Author: Wentao Zhang
Source Code: https://github.com/nsknojj/notebook/tree/big-upload

Jupyter Notebook is a web-based notebook environment for interactive computing. It satisfies the demands of every user for processing data. However, while big data are accessible for a lot of users nowadays, Notebook doesn't support big file upload with web interface. It only allows uploading files up to 25MB. Big Upload Module is designed to solve this problem and keep this upload function compatible with Notebook.

Usage - Setup Big Upload Module

Make sure you have installed Jupyter.
If not, you can find the installation documentation for the Jupyter platform, on ReadTheDocs,
or you can install it with pip3:

$ sudo pip3 install jupyter

If you want to install it with python2, use "pip" instead of "pip3". This way is also effective in the following steps, e.g. replacing "python" with "python3". If you have not installed pip3, you can run apt-get install pip3 or install it by official instruction.

Download the Big Upload Module from its Github Link and put it in a position you like, then change to this directory in your cmd.

Run setup command:

$ sudo python3 setup.py install

Run Notebook:

$ jupyter notebook

It will open your default browser. Now you can try to upload a big file in your notebook.

image

Design - How Big File Upload Works

It has provided a jquery front end in which chunked file upload has been implemented, and a php back end to handle chunked file. It provides a series of api, such as stop and abort. You can define your own callback functions for add, progress, etc. All I need to do is transplanting the front end, and building a back end handler with tornado framework based on the given php server.

The Front End & Back End of Jupyter Notebook

  • Notebook's back end is built with tornado framework. You can see all the url handlers in notebook/services. Handlers in notebook/services/contents are related to uploading, downloading, saving and other functions we don't concern.
  • What I call front end are those webpages, scripts and style sheets.
    Webpage templates are in notebook/templates. We only concern "tree.html", which shows the tree structure of the opened file system.
    Scripts relevant to my work are in notebook/statics/tree/js.

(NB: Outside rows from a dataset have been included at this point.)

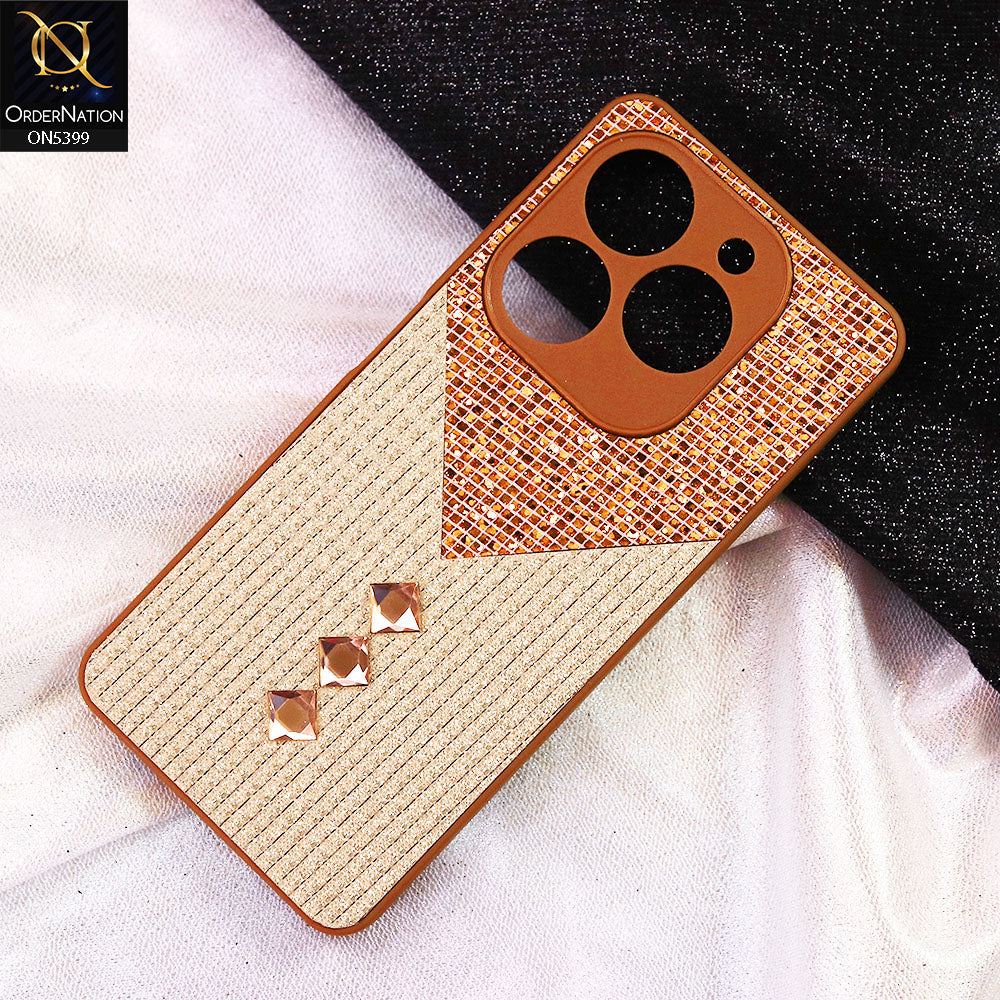 Infinix Smart 8 Pro Cover - Brown - Luxury 3D Woven Pattern Shiny Soft Case With Camera Protection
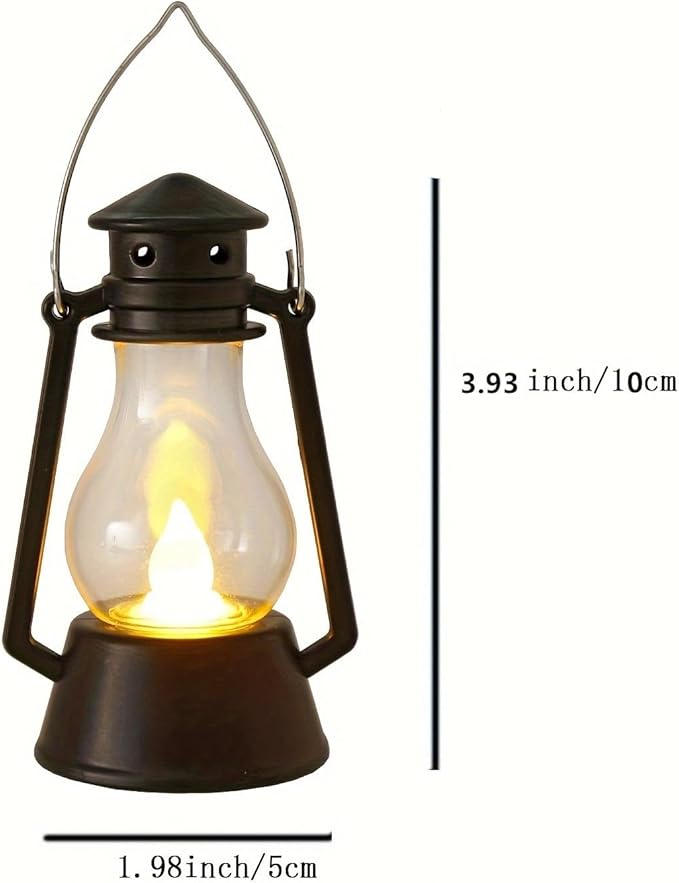 12 Pack Mini Lantern for Little Cowboy Centerpieces Tables Ideas Western Party Favor Decorations Wedding Decor Camping with 4inch Flickering LED Candle, Vintage Table Toppers Decorative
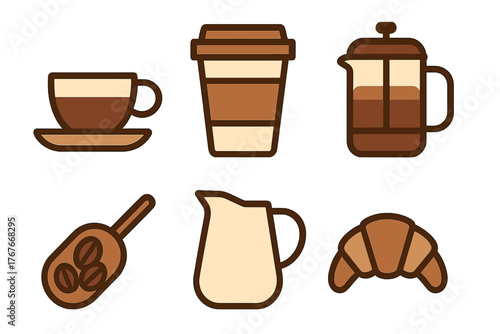 Set of coffee and breakfast icons including cup, French press, mug, and croissant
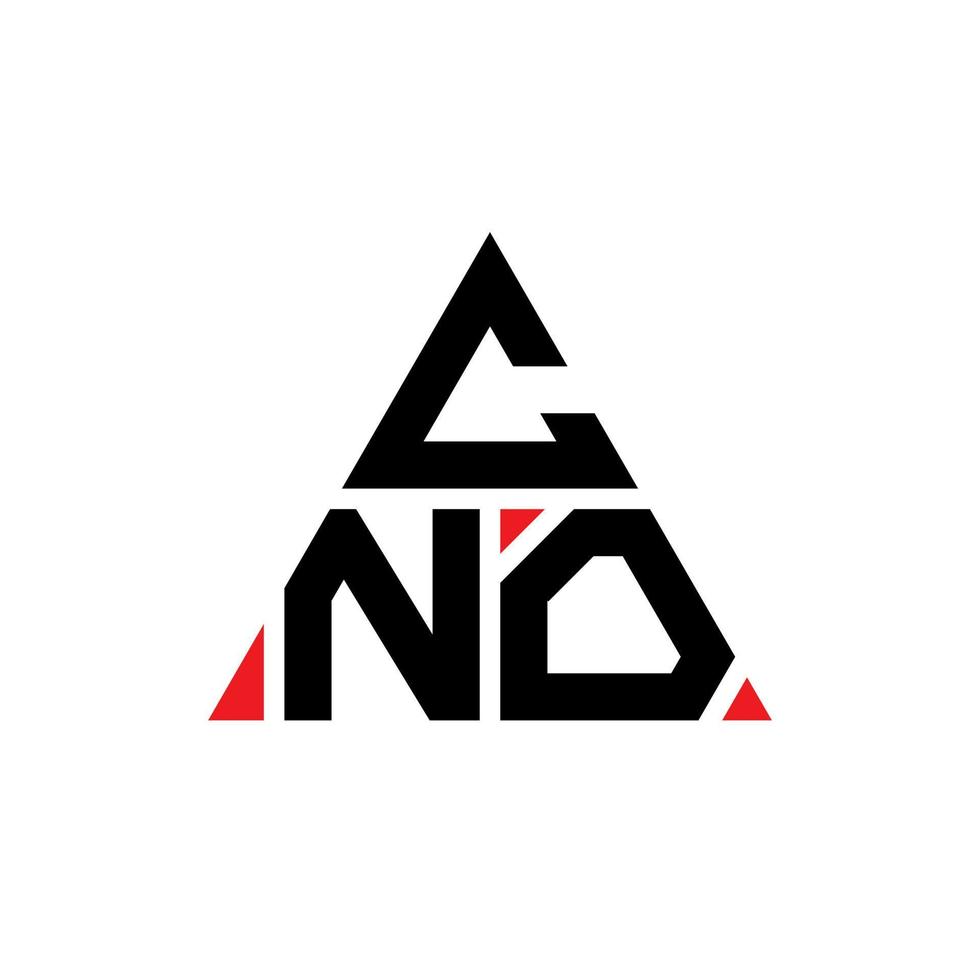 cno-Dreieck-Buchstaben-Logo-Design mit Dreiecksform. Cno-Dreieck-Logo-Design-Monogramm. Cno-Dreieck-Vektor-Logo-Vorlage mit roter Farbe. cno dreieckiges Logo einfaches, elegantes und luxuriöses Logo. vektor
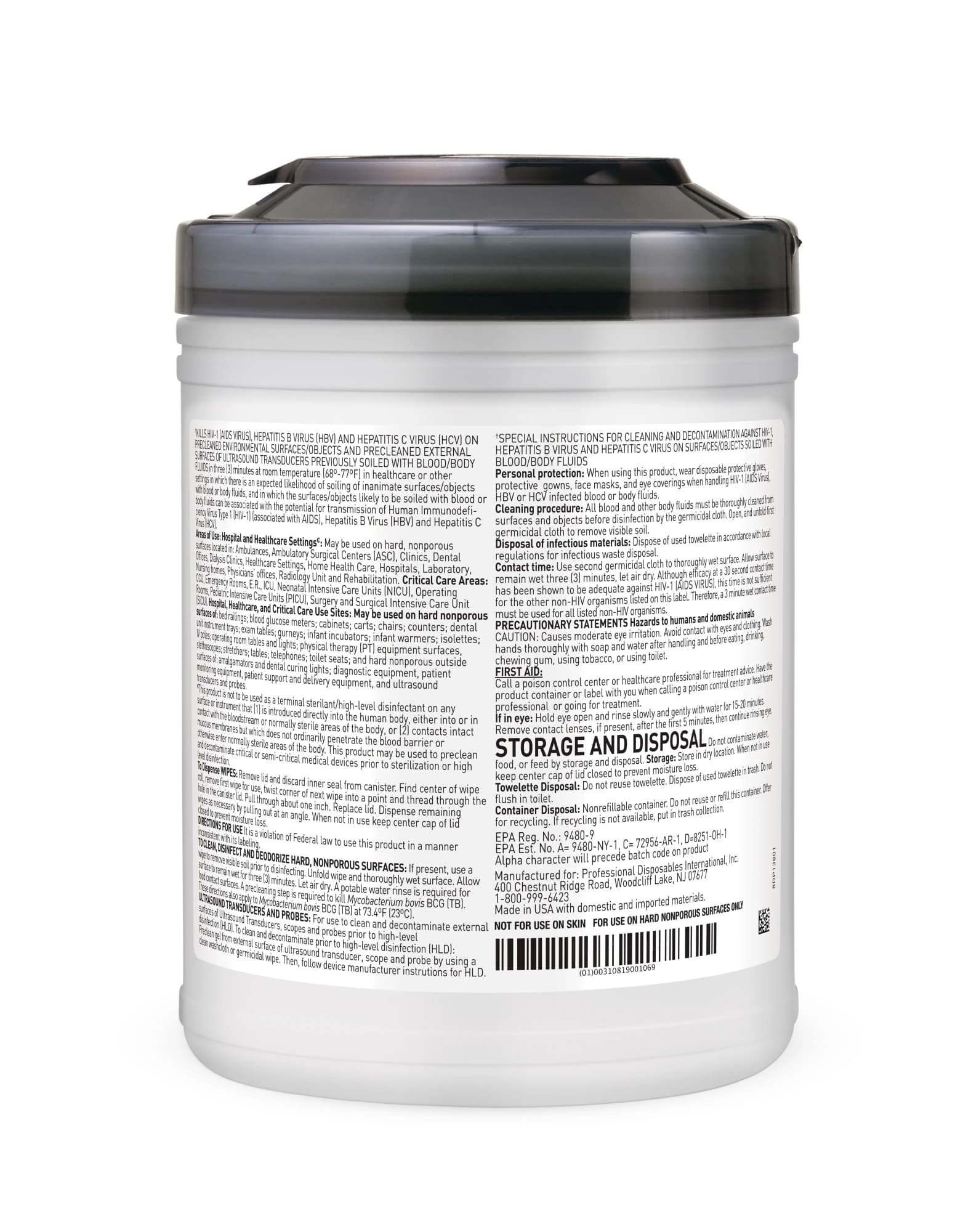 Sani-Cloth AF3 Germicidal Disposable Wipes, Large, 6" x 6.75", Alcohol-Free, 160/Can, P13872 thumbnail 4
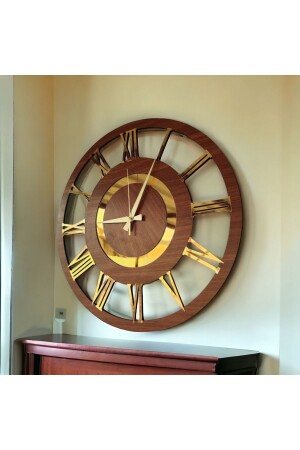 MNZ-سوداء و لون الجوز هدية زينة خشبية في المنزل ساعة الجدار مع أرقام ذهبية 50 سم - Aa Shop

They manage the file list and setup the elements in the tree webpage.

Old Upload Process

notebook
    |----statics/tree/js/main.js # Setup upload button, upload it to api url
    |----services/contents/handlers.py # Handle requests from url: api/contents/($file_path)
    |----templates/tree.html
    `----tree/handlers.py # Handle main url, render the tree template.

Big Upload Process

notebook
    |----statics
    |        |----tree/js/main.js* # Setup big-upload button with scripts in [bigupload/js]
    |        `----[bigupload/js] # Now upload the chunked file to a new url: api/upload_handlers/($(file_path))
    |
    |----services
    |        |----[bigupload/handlers.py] # Handle requests from a new url
    |
    `----templates/tree.html* # Add BigUpload button

The suffix star in the file name means this file has been modified. The square brackets means this file is new.

Divide Files to Chunks

  • Front end uses Blob API to divide the file to several chunks, then upload it in a form using POST method. This form contains the content range of this chunk, e.g. 0-99999 or 100000-199999, and the content size.
  • Back end just handles the files according to file path, content range, content size and the payload. It will find the correct file to append the payload to. The file's name should be same, and its current size should be equal to the start of content range.

Experiment

Bitrate

About 10MB/s ~ 20MB/s, on local host.

Multifile Upload

Test passed, and the uploaded files had no difference.

5GB Big File Upload

Test passed, and the uploaded files had no difference.

Cancel the Upload

Test passed, and the partially uploaded files were removed.